Not a right but a choice
Q: With Laura Bush in the news with her new memoir and Michelle Obama pushing her plan to fight childhood obesity, what advice would you offer to those who find themselves in such ambiguously defined leadership roles? Can a First Lady be a leader in her own right?
Leadership is neither a right nor a position. Rather, leadership is a choice. And a responsibility. The first lady occupies an advantageous structural position in the social fabric of American life. She is on Oprah and the cover of major magazines and newspapers. Indeed, influential people around the world will happily take her phone call. But this structural position of power and recognition simply provides the first lady with an opportunity to lead and influence. It is ultimately up to her to accept responsibility as a leader and choose to influence and lead the American people toward the accomplishment of a shared, collective goal - which is the essence of leadership.

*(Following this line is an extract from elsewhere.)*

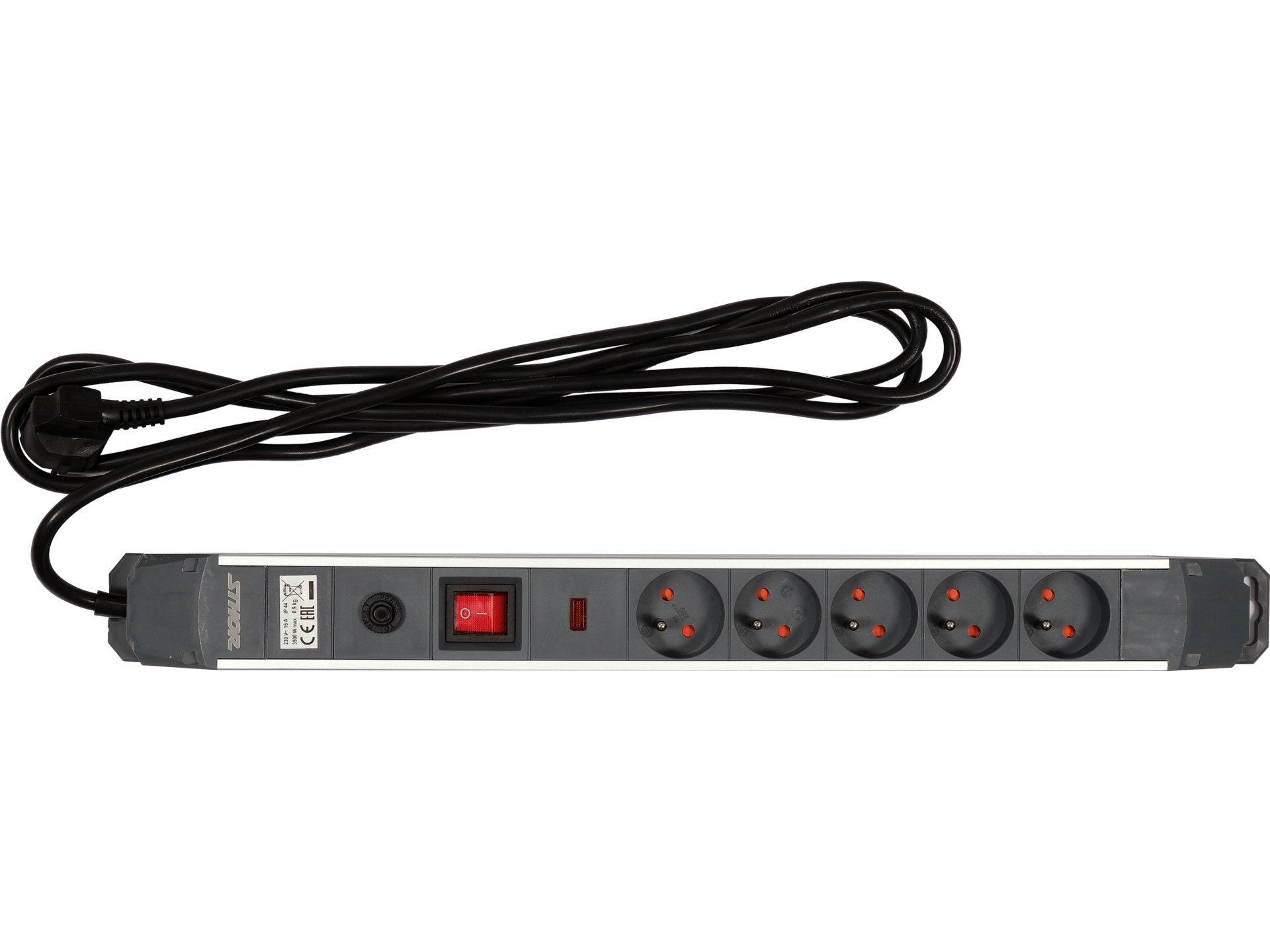 PRELUNGITOR ELECTRIC, 5 PRIZE, CU ÎNTRERUPĂTOR, 3M STHOR 72372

For Michelle Obama, the goal is addressing childhood obesity. For Laura Bush, it was promoting education and literacy. Each first lady has her own unique interest and cause of personal significance. But having a goal is only a small first step in leadership as the first lady.
The first lady must leverage her position to motivate a diverse set of constituents to direct their energy, passion and resources toward her cause. She must influence people over whom she has no direct authority. She must build coalitions and enable others to act on her behalf. She must be a champion of change and progress - and do so without getting caught up in the political infighting that pervades Washington.
So, yes. The first lady can and should be a leader. It is her privilege and responsibility of public service. But ultimately it is a choice she must make, and she must possess the leadership skills that will enable success. Her position will only take her so far.